When I teach a childbirth education class this topic is always at the top of an expecting couples list of things they want to discuss. I’m all for a good discussion on interventions and how they affect mom and baby. So lets take a deeper dive into what an Epidural is.

There are many medications that a mother can take for pain management. They are normally grouped into two categories: Analgesics or Anesthesia. In this post we will be focusing on Anesthesia. Anesthesia is classified as either General or Local. The difference between these two classifications is that General Anesthesia involves a complete loss of consciousness, loss of body reflexes, elimination of pain, and other bodily sensations. General Anesthesia will also affect your respiratory system which is why persons are placed on a ventilator. General Anesthesia is commonly used during surgery. If you ever heard the term “I went under”, the person was referring to being placed on general anesthesia.

Local Anesthesia is slightly different. It provides a reduce sensation of pain in certain regions of the body. The medication interferes with nerve transmission in specific areas in the body, blocking the nerve conduction in the area in which the medication was applied. So what does that mean? Well, the anesthesia will only affect a portion of your body allowing you to still have all of your faculties. Certain procedures do not require you to be fully sedated, making local anesthetics the drug of choice.


Bridging The Gap

An Epidural is a route that the local anesthesia is placed. The medication is placed in a small tube (catheter) and injected into the epidural space just below the spinal cord. The catheter is placed between the L4 and L5 vertebrae. The placement of where the drug flows will provide a numbing sensation to moms lower back, abdomen and uterus. In my childbirth class I tell moms that the sensation will also affect you from the waist down.

Anesthesia is serious business which is why it can only be administered by an anesthesiologist or a nurse anesthetist. Before a mom can receive an epidural she has to receive at least one bag of fluids, which is about 1 liter of a Normal Saline Solution. She will also have to sign consent forms prior to the epidural placement. Her blood pressure will be checked frequently. Often times nurses will leave the cuff on mom.

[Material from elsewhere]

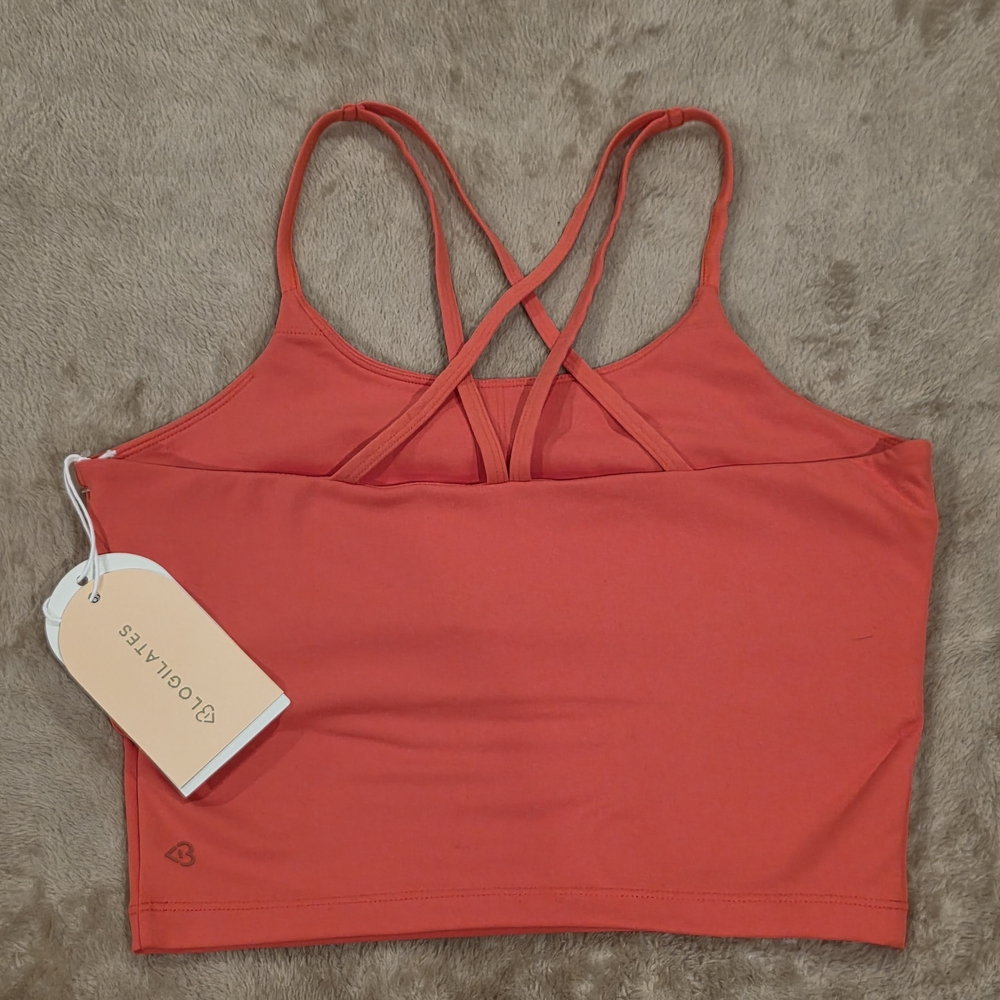 Strappy Red Camisole Top - Picture 2 of 3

The mother will also be confined to the bed for lack of mobility related to the side effects of the drug. She will also be catheterized, placed on oxygen, and attached to continuous fetal monitoring.


Pros to Receiving an Epidural

An epidural is the drug of choice because it very effective in providing pain relief. It can help moms rest especially during a long difficult labor. What is also satisfying about an epidural is that it doesn’t affect moms state of mind. She can still be emotionally in sync with her labor.

Cons to Receiving an Epidural

  1. Mom may get incomplete areas of pain relief if the placement is off.
  2. When moms receive an epidural it can affect their blood pressure, which is why the staff will frequently assess moms blood pressure. This is also the reason why mom has to receive a bag of fluids. The nurse and doctor understand the importance of managing the blood pressure, because moms blood pressure affects babies heart rate.
  3. Mom is placed on continuous fetal heart monitoring.
  4. Mom has to wear a catheter, because the loss of sensation makes it hard to determine when the bladder is full.
  5. Stuck to laboring in bed because of limited mobility (there are positions that mom can get into that are bed friendly. It just requires mom to have some assistance.)
  6. Loss of sensation can make pushing difficult when trying to push baby out.
  7. May receive a Spinal headache, which is due to a spinal leak.

Epidurals can be very effective for a laboring mom and outcomes can result into a healthy baby and a well mother. On the flip side an epidural can lead you down a slippery slope of piled on interventions. Some interventions are very necessary while others may not be. Your job is to make an informed decision about what’s best for mom and baby. Talk to a healthcare provider if mom is thinking about getting an epidural. Depending on preexisting health conditions an epidural may not be a good fit.